Fraud detection is another area in which AI tools are extensively used by banks. This has been the case for many years, but the tools are becoming smarter and more focused on areas like anti-money laundering, due diligence and portfolio credit risk optimization. Other areas where automation and AI are increasingly being used are in cybersecurity and compliance, Sau said.
While AI and machine learning tools have been used for a while to hunt for fraud or credit card abuse, they could still use some fine-tuning, Buchanan said. One trouble spot is when a customer credit card is accidentally declined because the system misidentified it as being overcharged, fraudulent or otherwise suspect.
In fraud detection terms, those are known as false positives, and they can cost the banking and retail industries billions of dollars a year in lost business, Buchanan said. “There’s also a reputational impact as well in that approximately 39 percent of cardholders just stopped using their card altogether,” she said.
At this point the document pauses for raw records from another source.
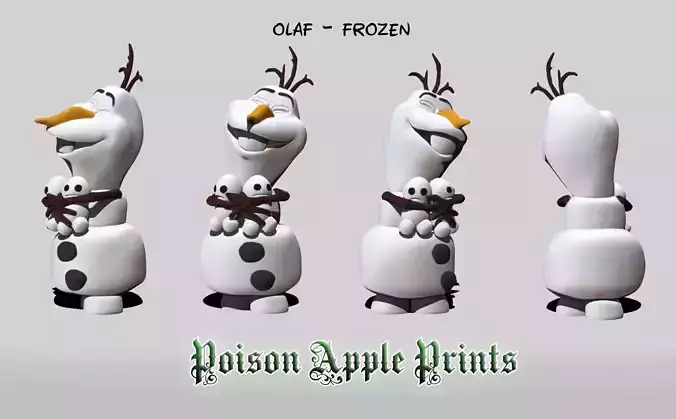 OLAF ORNAMENTAL - FROZEN 3D print model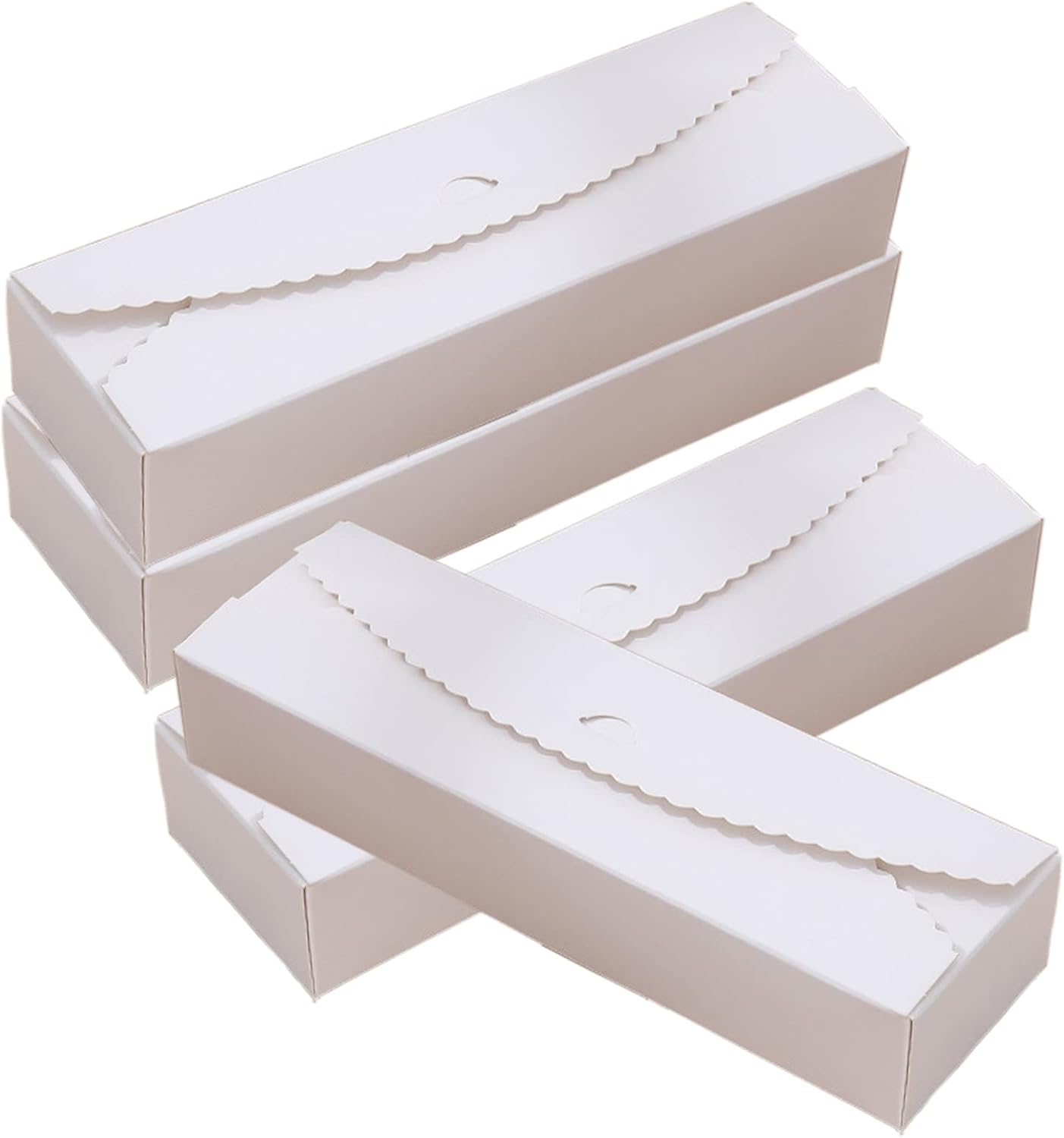 Allbusky 30PCS Paper Candy Boxes, DIY Wedding Favour Boxes, Party Gift Boxes, Paper Treat Boxes for Biscuits Cookies Desserts Pastries Chocolates Mooncake Handicrafts Christmas Wedding Party Favors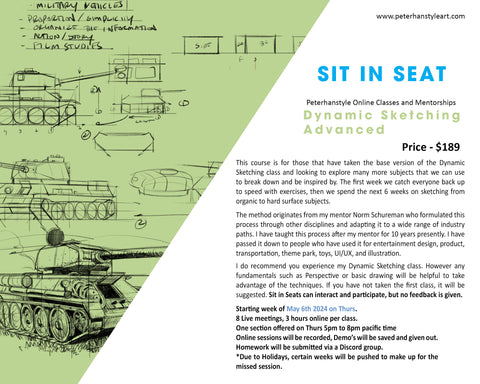 *SIT IN SEAT* Dynamic Sketching Advanced with Peterhanstyle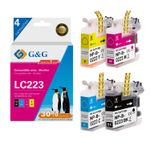Cartouche compatible Brother LC223 - Pack de 4 - noir, cyan, magenta, jaune - G&G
On the flip side, accepting and processing sales made with fraudulent credit cards, known as false negatives, also costs banks.
These issues are ultimately about good governance for AI, which Buchanan defines as constantly fine-tuning AI systems for credit cards to avoid fraud and costly mistakes.
“If you’re clogging up [your system with] a lot of false positives and false negatives, to me that’s a signal that you, the financial services provider, are not doing that continuous fine-tuning,” Buchanan said.